The Virginian-Pilot
                             THE VIRGINIAN-PILOT 
              Copyright (c) 1994, Landmark Communications, Inc.

DATE: Sunday, July 3, 1994                   TAG: 9407020128
SECTION: SUFFOLK SUN              PAGE: 08   EDITION: FINAL 
SOURCE: BY FRANK ROBERTS, STAFF WRITER 
DATELINE: SUFFOLK                            LENGTH: Medium:   83 lines

STUDENT HONORED FOR BOOK ON HER SISTER

MICHAEL BROUGHT a book to school, Jeanine a stuffed animal. Brockton brought his Oakley sunglasses, Rachel Short brought her sister, Madison.

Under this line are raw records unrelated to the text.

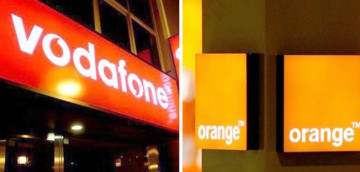 Orange a pierdut în faţa Vodafone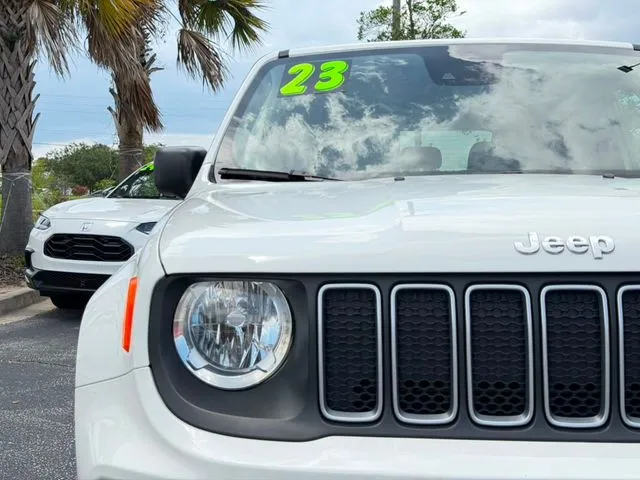 Jeep Renegade photo 10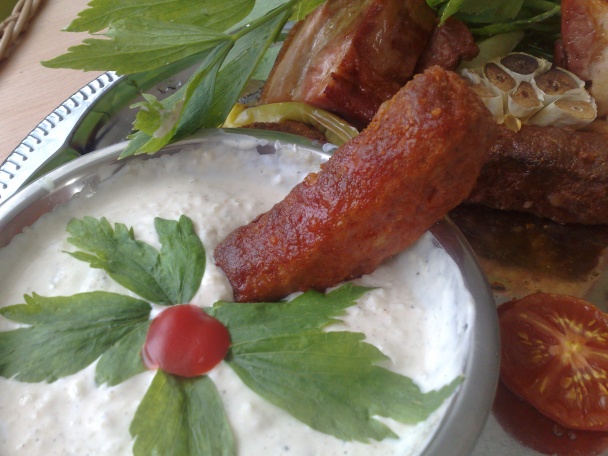 Grilované syrové valčeky (fotorecept) - obrázok 5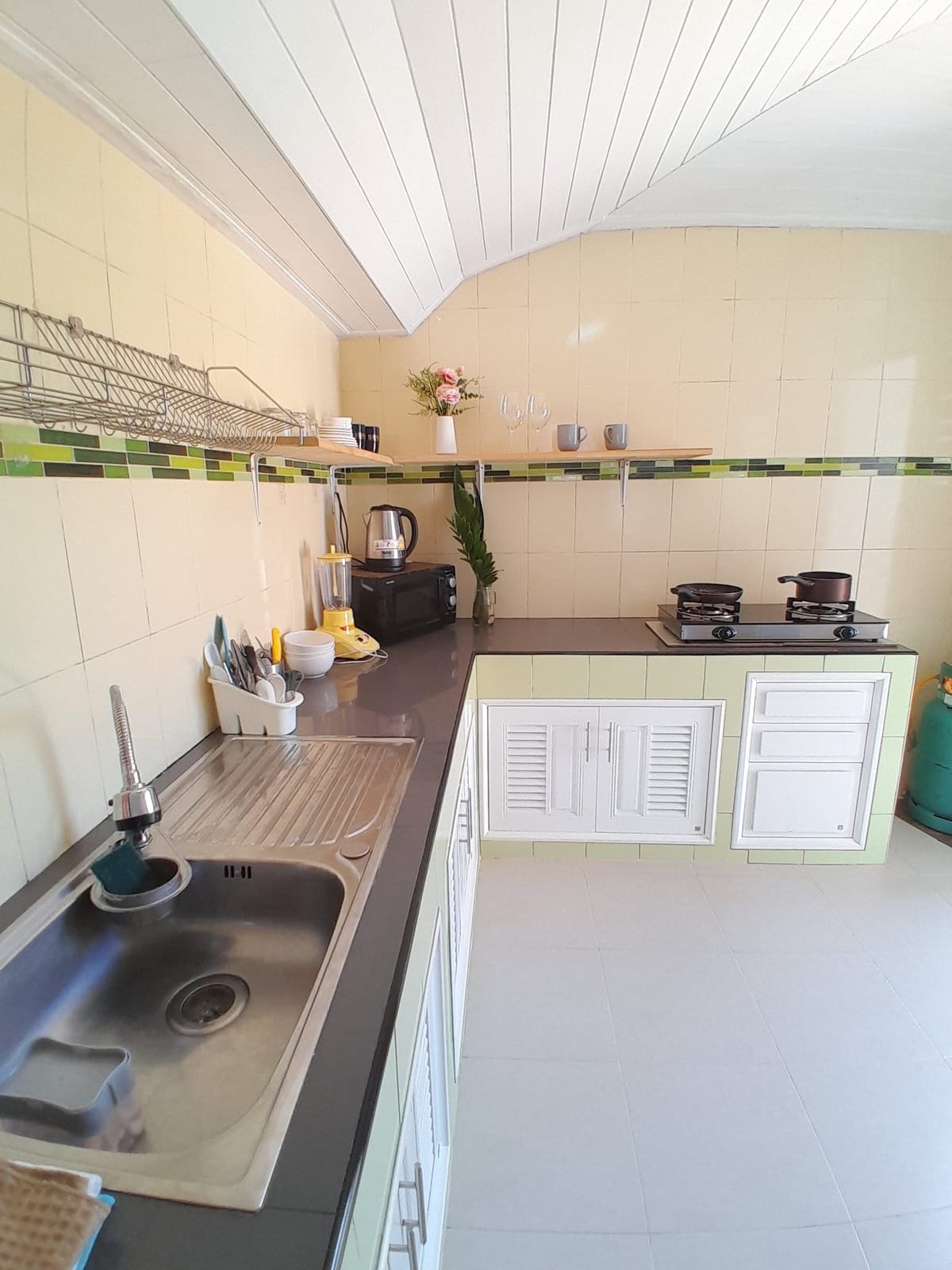 Three-Bedroom Furnished House — Baan Suan Yu Charoen 5, Thalang 9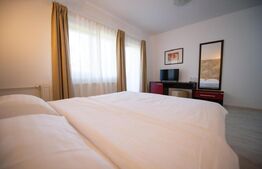 Pensiune Predeal 19 camere, Restaurant, bar, 2 terase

Madison is one in about 120,000 children born with holoprosencephaly.

``Instead of a right and left sphere to the brain, they're fused,'' her mother, Wendy, explained. ``It's a birth defect - brain deformation that resulted in cerebral palsy six months after she was born.''

Madison has gone to school twice, the first time when her sister was in the first grade in Chesapeake, the second time when Rachel was a Robertson Elementary third-grader.

``I showed the kids how I feed Madison and I showed 'em how the oxygen machine works,'' Rachel said. ``Madison's disabled. She's not gross. She's different.''

The first thing people notice about Madison is that the 5 1/2-year-old is a sweet, easygoing child whose lovely smile seems constant.

``She knows what's going on around her. She plays hide-and-seek by stiffening her body, getting out of bed and crawling under. If she sees someone fall, she laughs. Tell her she has stinky feet and that makes her laugh,'' Wendy said, adding with a grin, ``she has a warped sense of humor.''

Rachel, an understanding, compassionate 9-year-old who cares for her sister, both literally and figuratively, expressed her love in print. Rachel's book was a citywide third-grade winner in non-fiction in this year's Suffolk city school's Young Author's Competition.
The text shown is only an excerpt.